Florence B. KOBYLINSKI, Executrix of the Estate of Joseph A. Kobylinski, Sr., Deceased v. Dr. John G. HIPPS and Dr. William Schmidt v. Dr. William SCHMIDT v. Dr. John G. HIPPS. Appeal of Dr. William SCHMIDT.

Supreme Court of Pennsylvania.

Argued June 24, 1986.

Filed December 22, 1986.

*550 Paul H. Millin, District Attorney, Tionesta, for appellant.

T. Warren Jones, Erie, for Hipps, appellee.

Before BROSKY, DEL SOLE and MONTGOMERY, JJ.

DEL SOLE, Judge:

On the evening of November 26, 1979, Plaintiff's Decedent had been visiting a residence, owned by Appellant-Schmidt, who had leased it to Appellee-Hipps. Decedent, along with his family, was on the premises because Decedent's son had lacerated a finger and wanted Appellee, a physician, to examine the injury. Appellee was Decedent's *551 son's father-in-law. Decedent accompanied Appellee and Decedent's son to Appellee's residence, Decedent stepped out of the automobile which had stopped adjacent to an unguarded exterior stairwell attached to the home, and plunged to his death. The record shows that the stairwell was equipped with an outside light positioned over a basement door; however, it was not illuminated that evening. In addition it was further pointed out during trial that Decedent was not familiar with the stairwell's unprotected condition.

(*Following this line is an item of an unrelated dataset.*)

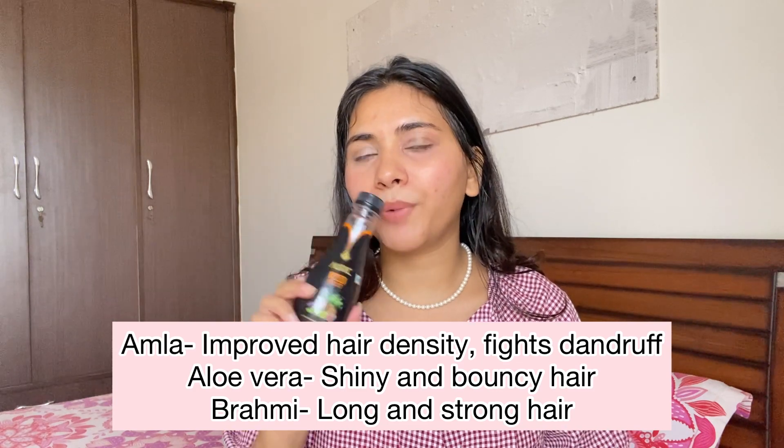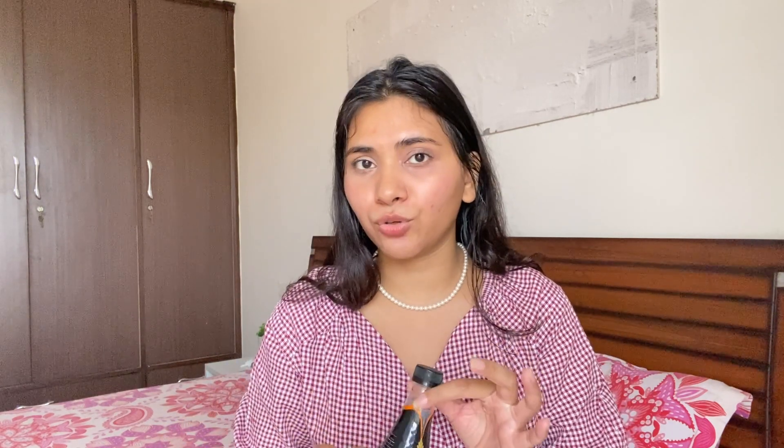I've also been having this hair boost drink from Auric. It came in a pack of 12 or 24. I saw an ad on Instagram and really wanted to try it. Each bottle is 250 ml and contains amla, aloe vera, and brahmi — really good ingredients for your hair and skin. It has no added sugar, no chemicals and preservatives, making it very healthy. I drink one bottle per day and I've seen a visible difference in my hair.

Following the accident, Plaintiff, executrix of Decedent's estate, lodged a wrongful death and survival action against Appellant and Appellee who later joined each other as additional defendants. A jury trial was conducted after which negligence was apportioned as follows: Decedent 5%, Appellee 20%, Appellant 75%. Decedent's estate was awarded a net amount of $30,000.

Subsequently, Appellant filed a Motion for Judgment Non Obstante Veredicto or in the Alternative for a New Trial. On October 21, 1985, Appellant's post-trial motion was denied and Judgment was entered on the verdicts. This appeal follows.

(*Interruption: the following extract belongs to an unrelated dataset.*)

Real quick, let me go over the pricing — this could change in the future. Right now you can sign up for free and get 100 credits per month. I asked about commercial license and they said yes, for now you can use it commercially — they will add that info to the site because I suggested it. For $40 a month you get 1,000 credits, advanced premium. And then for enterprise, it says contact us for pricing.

Appellant cites three instances of error allegedly committed by the trial court. First, it is claimed that the trial judge improperly instructed the jury on the law concerning the liability of a landlord out of possession. Second, Appellant posits the trial court erred in its instruction to the jury concerning an exculpatory clause found in the lease. Third, it is advanced that the trial court committed error by failing to instruct the jury on the question of primary/secondary, active/passive negligence and the law concerning intervening efficient or superseding cause.

By his brief, Appellant correctly points out that neither a Motion for Directed Verdict nor Binding Instructions were filed by Appellant at the close of evidence. We note that under prior statutory authority in effect at the time of trial, a written and filed request for binding instructions was a condition precedent to the filing of a motion for *552 judgment n.o.v. See 12 P.S. § 681. (Repealed effective June 27, 1980). See also 42 P.S. § 20003(b) (provisions of statute remained effective as part of common law under failsafe provisions of JARA).[1]

While it is true that Appellant did not comply with these directives, we find, from an independent review of materials supplied to this court, a bundle of documents designated by the trial court Prothonotary as "papers . . . sent directly to the Judge and not filed in the Prothonotary's office." Contained within this collection is a Motion for Directed Verdict, signed by Appellant's counsel. A directed verdict was requested on the ground that, with some exceptions, a lessor is not liable for injuries sustained by third parties while on the owner's property when the owner was out of possession. The requested Points for Charge presented to the trial court before jury deliberation outlined in greater detail this area of tort law. However, this Point for Charge was refused and Appellant's counsel took an exception to this denial. (N.T. 201, 214).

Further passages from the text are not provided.